À la tête de la municipalité, Februniye Akyol, ou de son originel “Fabronia Benno”, partageait le poste de co-maire avec Ahmet Turk. Elle avait été élue en mars 2014 sous l’étiquette du BDP (le Parti de la paix et de la démocratie, en turc : Barış ve Demokrasi Partisi). Inscrit dans le cadre du processus de paix, BDP avait gagné 98 mairies, avec un peu plus de 4 % de la totalité des voix exprimées.
À la tête de Mardin, plus aucune personne n’exerce de mandat.
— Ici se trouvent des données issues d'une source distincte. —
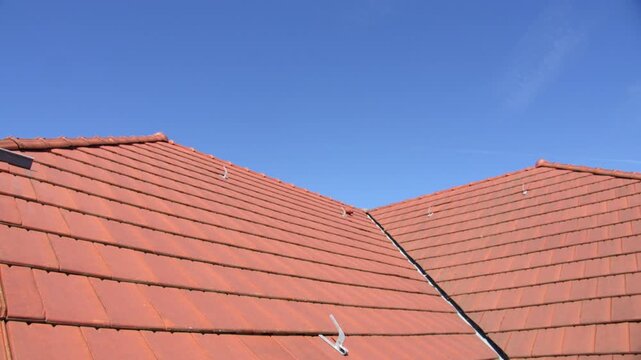 Red residential rooftop with clay tiles moving under a clear blue sky in bright sunlight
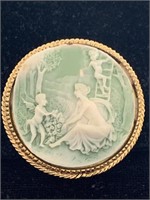 GOLD ROUND FRAMED BROOCH W/ GREEN/ WHITE CUPID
Un représentant désigné par l’Etat turc a repris les fonctions des deux co-maires. La ville est limitrophe de la zone autonome du Rojava. Il s’agit également d’un message fort adressé aux habitants du Nord de la Syrie.
La jeune mairesse âgée de 26–27 ans porte les trois caractéristiques : être une femme, être chrétienne et appartenant au BDP devenu DBP (Parti démocratique des régions, en turc : Demokratik Bölgeler Partisi). Si Februniye n’a pas encore été incarcérée pour un motif sorti tout droit de l’imagination du pouvoir, cela ne saurait tarder. En effet, le pouvoir met régulièrement en avant les liens entre le PKK et le HDP/DBP pour mettre en avant des charges concernant le “terrorisme”, quand bien même les dossiers seraient vides. Dans ce contexte, sa destitution ne pouvait être qu’une question de temps, mais cela montre toujours un peu plus le vrai visage du régime de la Turquie. La répression contre toutes les minorités bat son plein contradictoirement au nom de la sauvegarde de la démocratie. En effet, le nombre d’attaques contre le DBP a augmenté du fait qu’il est affilié au HDP. Rappelons inlassablement que Selahattin Demirtaş et d’autres responsables et éluEs du HDP/DBP sont toujours retenus en otage dans les geôles Erdoğaniennes.
Dans cette perspective, le terminus du Tramway d’Erdoğan Compagnie se rapproche, avec pour finalité, la démocrature et le parti unique qui s’installe, comme garant des intérêts des Turcs, mais aussi pour imposer encore davantage un modèle arbitraire dont la garantie des droits des minorités religieuses, politiques, sexuelles n’est plus assurée par le régime. Si le terminus tant vanté par le Sultan reste une métaphore, l’accélération du tramway risque de causer des dégâts irrémédiables d’une ampleur supérieure à celle que nous connaissons aujourd’hui. En effet, il est impossible de stopper un tramway ou train arrivant à toute allure dans un terminus. À la fin, il ne peut que dérailler entraînant avec lui, l’ensemble des passagers c’est-à-dire l’AKP, dans une confrontation terrible avec la butée en béton, pour finalement sortir de ses rails.
On ne peut appeler cela un accident, mais simplement le crash prévisible à moyen-terme d’un mégalomane qui voulait épurer la Turquie pour la rendre à son image.
Personne ne peut s’offrir le luxe d’attendre le crash, au risque d’une guerre civile, et d’une sortie dont les éléments politiques régionaux pourraient faire qu’elle soit pire encore que la situation actuelle au Moyen-Orient.